Speaking with DW at the 17th World Summit of Nobel Peace Laureates in Yucatan, Mexico, Iranian lawyer and Nobel Peace laureate Shirin Ebadi says: "The reason these wars drag on is the international arms trade. It makes enormous profits from the sale of weapons, and therefore has no interest in seeing conflicts end." Ebadi points out that half of all weapons manufactured worldwide are shipped to the Middle East.

Ebadi emphasizes: "Recent conflicts in the region can be traced back to the political ambitions of Saudi Arabia, Iran and Turkey. They have much less to do with the loss of Western hegemony." She says Iran has increasingly meddled in the affairs of Lebanon, Syria, Iraq and Yemen, where more than 90,000 civilians have been killed in an almost invisible war that has been raging for the past four years. The Iranian laureate is convinced that the number of proxy wars in the Middle East will only increase in the coming years.

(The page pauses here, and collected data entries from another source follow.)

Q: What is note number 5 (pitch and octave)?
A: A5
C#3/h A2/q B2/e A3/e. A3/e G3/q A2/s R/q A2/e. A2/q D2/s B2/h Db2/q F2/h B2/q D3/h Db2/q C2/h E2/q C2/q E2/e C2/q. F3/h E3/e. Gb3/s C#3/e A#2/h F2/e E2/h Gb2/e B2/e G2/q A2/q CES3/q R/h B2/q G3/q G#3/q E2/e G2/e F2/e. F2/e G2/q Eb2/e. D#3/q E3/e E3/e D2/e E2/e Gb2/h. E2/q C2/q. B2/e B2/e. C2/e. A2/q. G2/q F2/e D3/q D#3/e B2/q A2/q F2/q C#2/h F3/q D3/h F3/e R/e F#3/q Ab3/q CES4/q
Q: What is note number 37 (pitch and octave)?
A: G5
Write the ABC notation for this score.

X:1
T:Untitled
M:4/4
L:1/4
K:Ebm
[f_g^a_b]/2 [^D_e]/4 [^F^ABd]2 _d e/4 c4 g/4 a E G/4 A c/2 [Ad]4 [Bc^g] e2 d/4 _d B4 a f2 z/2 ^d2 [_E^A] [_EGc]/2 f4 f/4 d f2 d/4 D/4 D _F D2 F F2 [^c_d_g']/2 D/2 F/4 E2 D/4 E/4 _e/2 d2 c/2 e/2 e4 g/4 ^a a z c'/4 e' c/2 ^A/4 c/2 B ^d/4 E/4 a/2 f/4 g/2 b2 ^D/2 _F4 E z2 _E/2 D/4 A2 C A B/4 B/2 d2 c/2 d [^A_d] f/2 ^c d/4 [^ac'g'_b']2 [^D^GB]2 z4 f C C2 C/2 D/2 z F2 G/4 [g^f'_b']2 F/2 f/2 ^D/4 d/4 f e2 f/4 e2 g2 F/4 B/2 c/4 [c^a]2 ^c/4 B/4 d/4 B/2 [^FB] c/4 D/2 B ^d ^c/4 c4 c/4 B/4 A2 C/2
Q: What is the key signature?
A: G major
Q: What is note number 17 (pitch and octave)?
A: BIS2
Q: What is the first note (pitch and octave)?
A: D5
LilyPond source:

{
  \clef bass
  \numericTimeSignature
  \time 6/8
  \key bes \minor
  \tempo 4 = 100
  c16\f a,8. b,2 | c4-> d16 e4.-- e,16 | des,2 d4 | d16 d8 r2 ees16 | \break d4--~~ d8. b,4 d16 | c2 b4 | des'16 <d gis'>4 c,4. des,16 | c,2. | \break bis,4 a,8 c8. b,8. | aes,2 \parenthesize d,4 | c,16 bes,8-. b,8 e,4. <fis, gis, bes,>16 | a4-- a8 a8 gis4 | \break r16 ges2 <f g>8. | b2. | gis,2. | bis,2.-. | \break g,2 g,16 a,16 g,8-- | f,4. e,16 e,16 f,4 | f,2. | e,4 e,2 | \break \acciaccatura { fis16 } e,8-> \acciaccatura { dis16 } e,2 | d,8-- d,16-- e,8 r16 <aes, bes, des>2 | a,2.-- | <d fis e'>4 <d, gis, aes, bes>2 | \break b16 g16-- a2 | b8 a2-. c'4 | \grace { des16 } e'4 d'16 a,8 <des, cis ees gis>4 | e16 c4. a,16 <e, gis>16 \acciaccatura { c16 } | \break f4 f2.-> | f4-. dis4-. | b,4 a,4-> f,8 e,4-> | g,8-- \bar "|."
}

Iranian Nobel laureate Shirin Ebadi
Shirin Ebadi says proxy wars in the Middle East will increaseImage: picture-alliance/Zuma/El Universal

Africa is right behind the Arab world when it comes to armed conflict. The Central African Republic (CAR), Ethiopia, Nigeria, Cameroon, Chad and Niger are all fighting with the Islamic terror group Boko Haram. Add to that Somalia, Kenya, Sudan and South Sudan. The conflict between Sudan and South Sudan, according to a database compiled by the Polynational War Memorial, has cost more than 385,000 people their lives.

Heidelberg's HIIK lists only one Latin-American country as being in a state of war: Mexico, where the state and drug cartels remain locked in armed conflict.

Climate change and the nuclear threat

Beyond armed conflict, there are other destabilizing factors at play, both old and new. Former Colombian President Juan Manuel Santos and US activist Jody Williams agree that climate change and nuclear weapons pose the largest risks to world peace. "Leaders, who should, for example, be dedicated to protecting the Amazon rainforest, are not doing so," says a critical Santos.

Speaking with DW, the former president says, "As far as the nuclear threat goes, we have seen both progress and setbacks." Among those setbacks, Santos points to the US withdrawal from the Iran nuclear deal. Jody Williams adds that greed is a further factor contributing to instability, as it gravely worsens the gaping divide between rich and poor.

Read more: Water shortages pose growing risk to global stability

Juan Manuel Santos holding Nobel certificate and medal
Santos says the dangers of nuclear war are increasingImage: Getty Images/N. Waldron

Increasing geopolitical tensions   

"Over the past several years, elements of the international world order, which had contributed to political stability, have weakened. At the same time, more aggressive actors have become emboldened," says David Trimble, former first minister of the Northern Ireland regional government. Trimble points to the United Nations: "We thought it would bring world peace, but, as we can see, we are far from achieving that goal."

Nobel laureate and former Polish President Lech Walesa argues, "The largest impediment on the road to peace is the weight of the past. That is, the suffering and injustice derived from social developments of the past." Walesa sees that historical burden as one of the main factors contributing to the rise of nationalism and populism in Europe.

Dresden | Pegida demonstration
Germany has also seen a rise in populism in recent yearsImage: picture-alliance/AP Photo/J. Meyer

Beyond the wars

The laureates largely agree that democracy is the best form of government to ensure peace. Still, they say that Western democracy has lost much of its luster due to internal problems, and thus has also lost its ability to consequently counter authoritarianism.

Other factors that amplify the tragedy of armed conflict can also be seen in repression carried out against a country's own citizens in places like Myanmar, or the humanitarian crisis in Venezuela. Although neither has been listed as reaching the level of war, together, the two countries have produced the largest number of forced displacements in recent memory.

The United Nations' refugee agency (UNHCR) currently lists eight armed conflicts on its website, and the number of those forced to flee their homes at 71 million. That is twice as many as 20 years ago, and equal to the population of Thailand, or Turkey.